Stereo: Localization, Imaging and Live Sound

by Phil Graham
in Tech Feature

Neumann’s KU 100 microphone simulates the way that humans hear by placing a small condenser mic capsule microphone in each “ear” of the head model. So called “dummy head” microphones are useful in making acoustical measurements or binaural simulation recordings.Virtually everything about our pro audio world acknowledges the existence of multiple channels of audio and, most commonly, stereo channels (i.e., left and right). Nearly every piece of audio gear provides both stereo inputs and outputs. At concerts, there are almost always left and right speaker arrays. Essentially almost all music playback material is in stereo. This month, let’s take a look how we localize sound, and how that relates to the traditional use of the stereo configuration. We will consider stereo’s advantages, limitations, and place in the pro sound environment. We’ll also discuss how sound technicians can shape their mix to get the best overall results for the majority of the listening audience.

At this point, some readers will be thinking “Great, another guy who is going to tell us to hang a big monophonic PA right over the middle of the stage...” Let me step in front of this thought and say that I like stereo, and generally prefer to use it over mono or left/center/right configurations. Along with this preference, though, is an understanding of when stereo works, and what it can provide for the mixer and listener. With that, it is time to start dissecting where and how we hear.

» Stereo Mix Structure — A History

Dual channel stereo playback became available to consumers in the mid-1950’s because of advances in phonographic records. As an owner of an early stereo demo record from RCA, I’m struck by the incredibly strange and dramatic panning that some of the tracks exhibit. Examples include the drums panned to the left channel, and all the vocals to the right.

As time progressed, the panning of sounds on pop music settled into a general motif that continues today. This motif was originally technically motivated, as one could not have strongly panned low frequencies without risk of the phonograph stylus skipping out of the groove. Indeed the vinyl master cutting lathes had circuitry that would combine all the low frequency energy (<200 Hz) (bass, kick drums, etc.) and place it in the center of the record groove (i.e., center-panned). Thus, low frequency energy center-panned mono was firmly established in pop mixing and is commonly used today, despite the fact that hard-panned LF elements in a mix are unlikely to make a needle jump out of a groove on a CD or MP3 file.

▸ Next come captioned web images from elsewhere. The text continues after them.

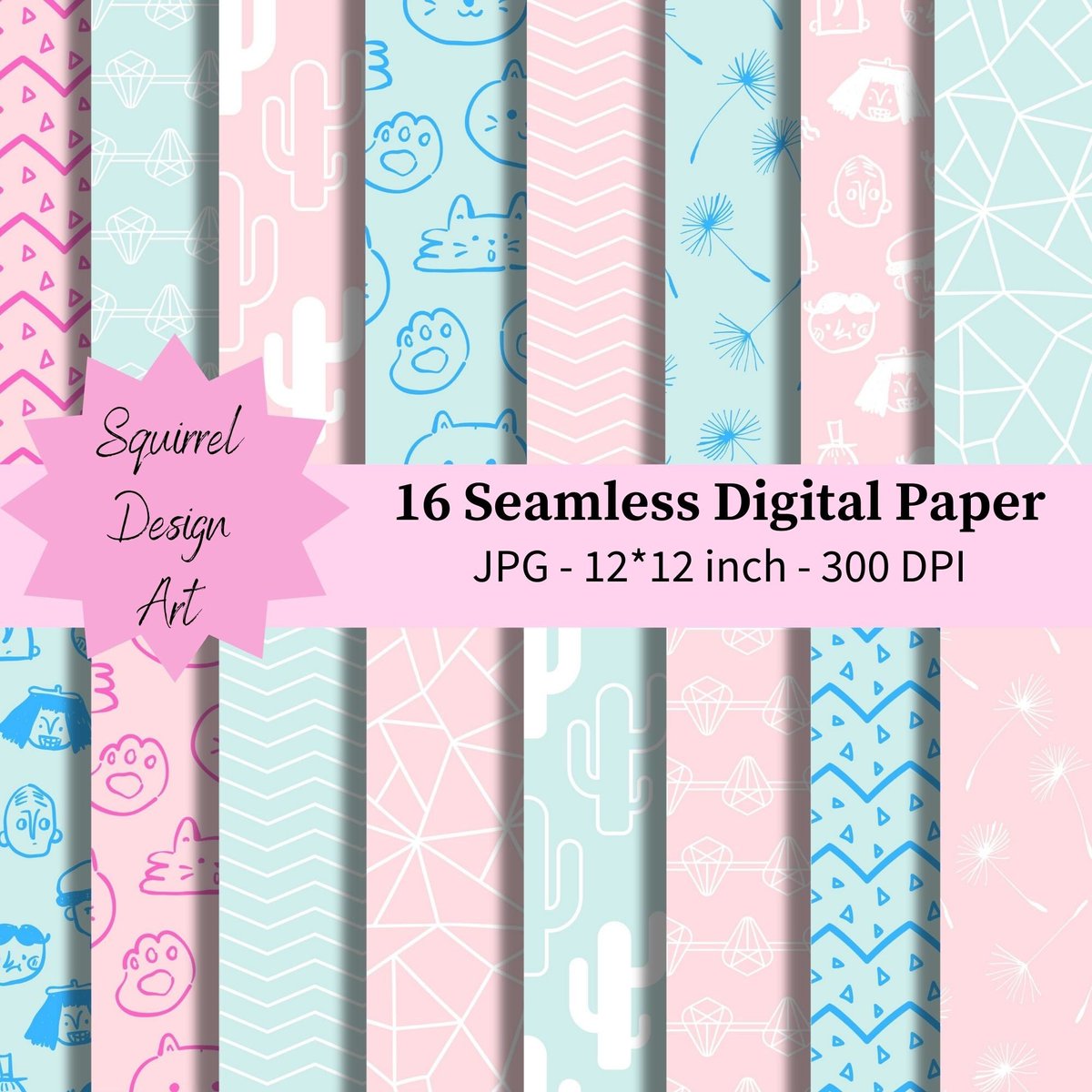 squirrelartetsy's tweet image. Excited to share this item from my #etsy shop: Pink and blue seamless digital papers, mixed pattern pink digital paper, blue digital paper, pattern pink background, scrapbooking #cardmakingstationery #pinkpattern #bluepattern #mixedpattern #abstract etsy.me/3pBlMPX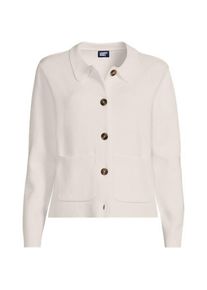 LANDS' END Feinstrick-Jacke aus Baumwolle, Damen,  Wei&szlig;, Baumwolle, by Lands' End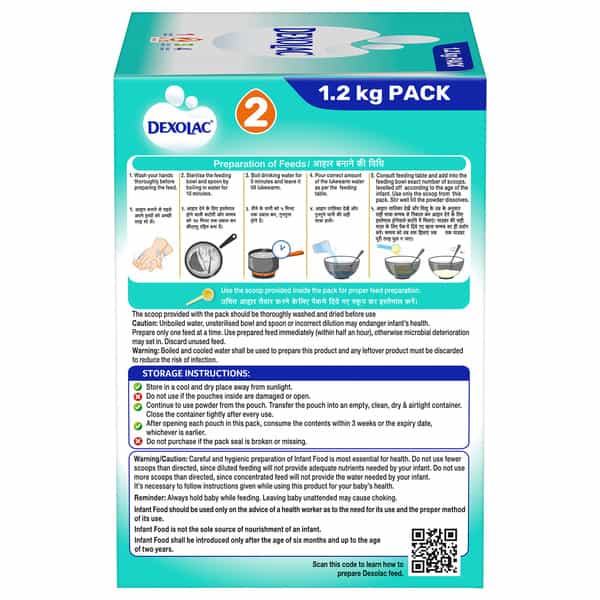 Dexolac 2 | Follow Up Formula | 6 To 12 Month | Powder | Box 1.2 Kg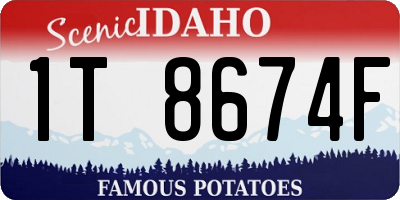 ID license plate 1T8674F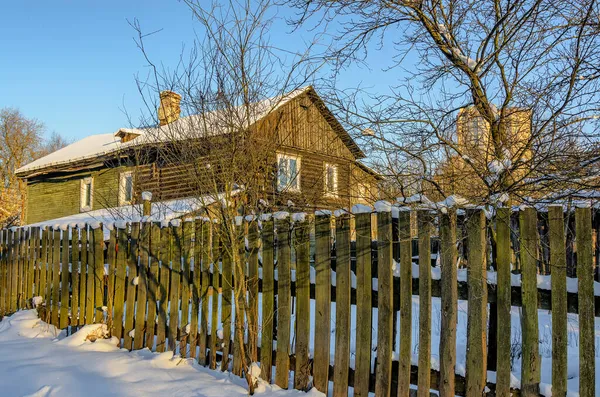 Restes Vieilles Maisons Bois Dans Village Ust Slavyanka Dans Domaine — Photo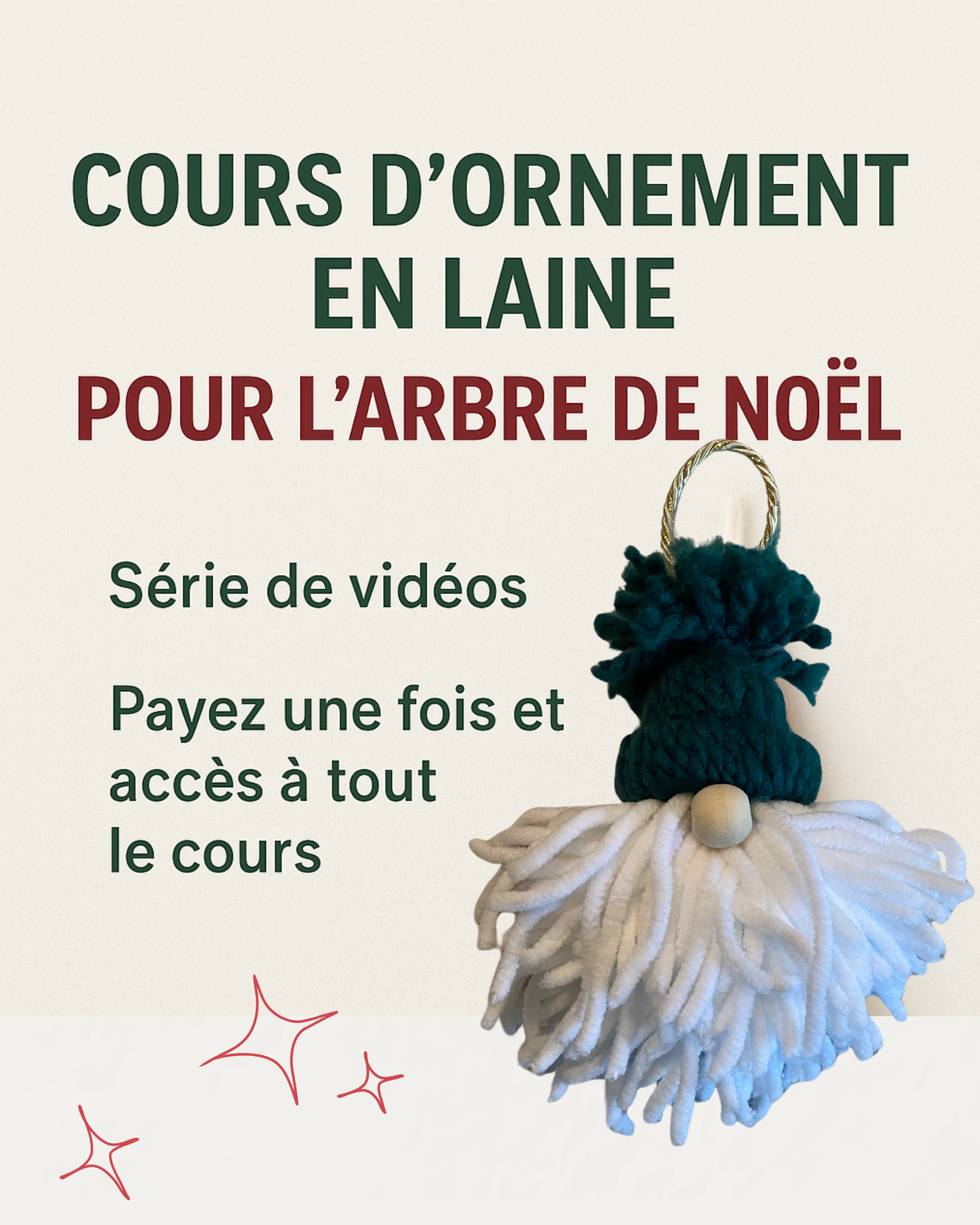 Cours d'ornement de gnome pour arbre de Noël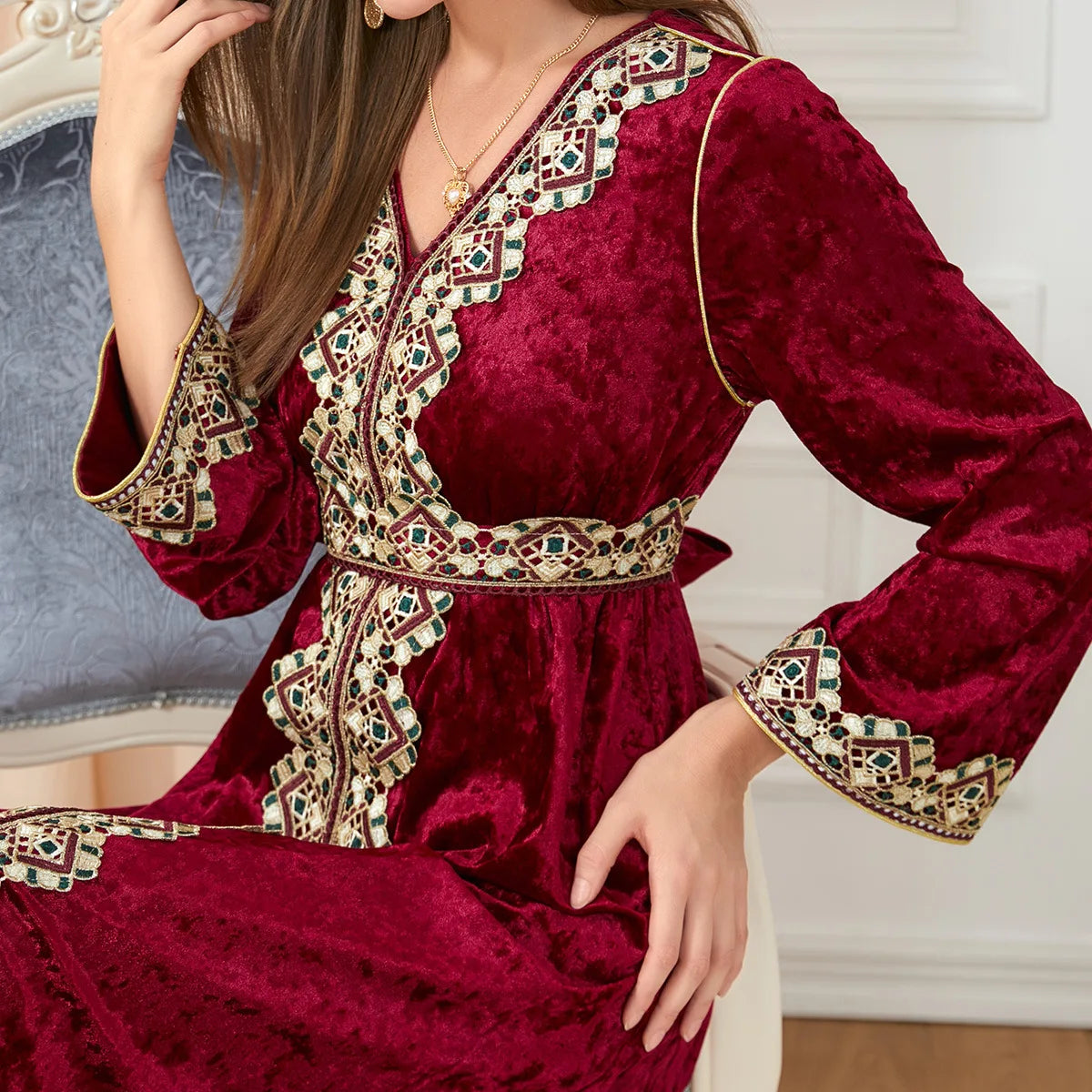 Abaya Muslim Maxi Long Sleeve Dress With Cap Women Diamond Arab Dubai Islamic Clothing Autumn New Loose Casual Turkey Robe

The modern incarnation of studio record mixing doesn’t have the limitations of vinyl grooves, but much of vinyl’s legacy remains in mixing. Low frequency and percussive instruments are typically panned to the center, while other instruments are panned to the sides. Panning on studio pop records tends to be dramatic, with hard panning of guitars left and right incredibly common and the exaggerated 180-degree L-R panning on tom-tom rolls is standard practice, yet bears no relation to a “real” stereo image.

» Human Hearing — Amazing!

Our ability to hear is an incredible sense. In terms of the range of volumes and frequencies, it is a sense of extreme capability. One only need listen online to the tinny, distorted audio from an audience member’s smart phone at a concert to appreciate the capability of human hearing relative to modern technology.

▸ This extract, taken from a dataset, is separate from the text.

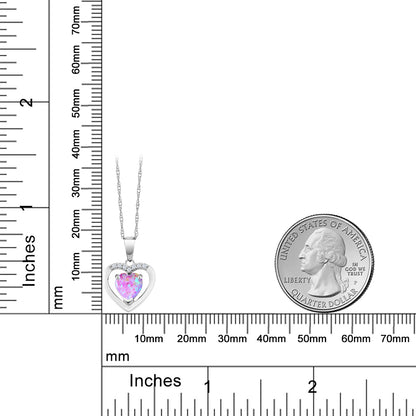 0.8カラット シミュレイテッド ピンクオパール オープンハート ネックレス 天然 ダイヤモンド 10金 ホワイトゴールド K10 10月 誕生石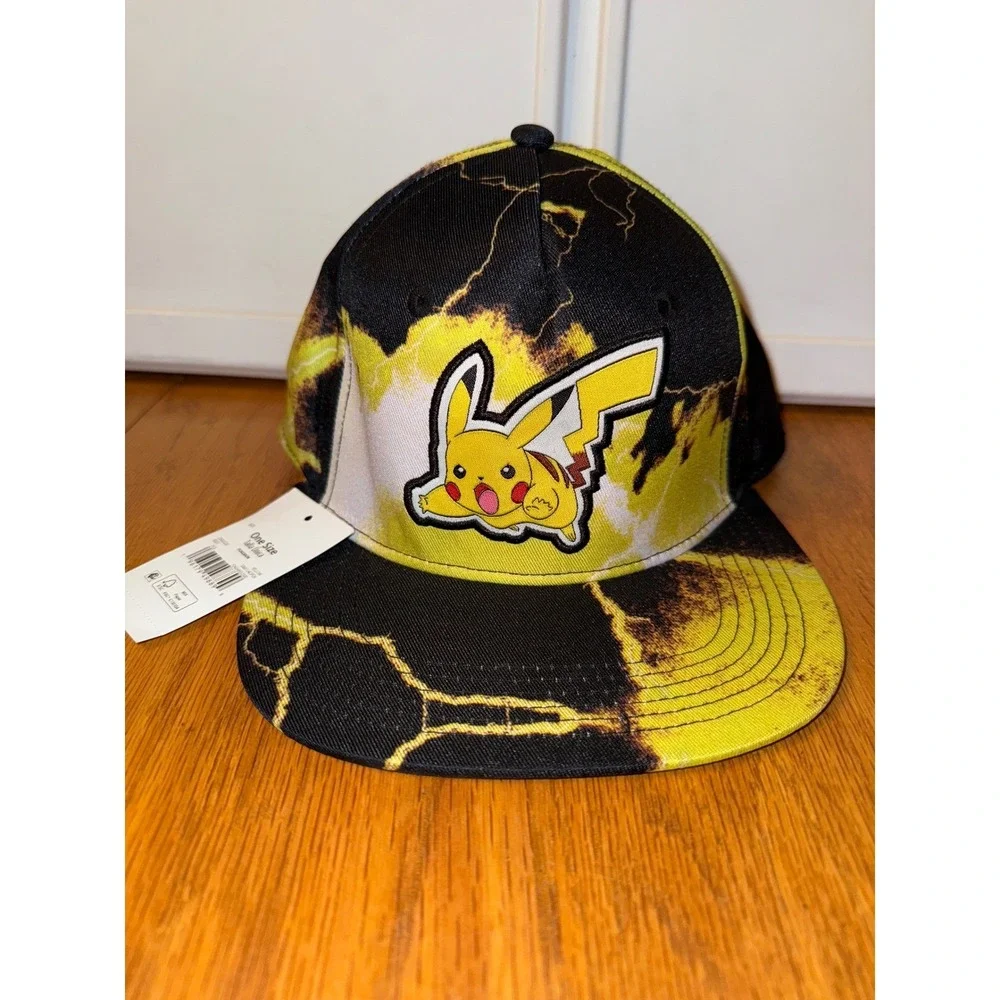 Pokemon‎ Pikachu Lightning Snapback Hat OSFM Yellow Black Adjustable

Equally as impressive as our ability to pick up sounds is the brain’s ability to process, discriminate, and present those incoming sounds to us. Our brain is very good at picking up speech in noisy environments, filtering out reflections, and figuring out where sounds are arriving from.

Part of our ability to parse through the world of sound so well comes from the number of things our brains have learned to ignore. This is demonstrated by the technology we use every day. We now have more than two decades of experience with selectively processing audio in a manner to reduce the size of the storage file, and at least part of that storage compression comes from understanding the limitations of human hearing.

For instance, if two sounds of similar frequency are played at the same time, our brain excludes the information about the quieter signal. This phenomena is known as noise masking. In a related way, if two sounds of similar level are played close together in time, the brain will “fuse” the two sounds into one, but the sound that arrived first will define our perception of the arrival direction. This second effect is known as the precedence effect.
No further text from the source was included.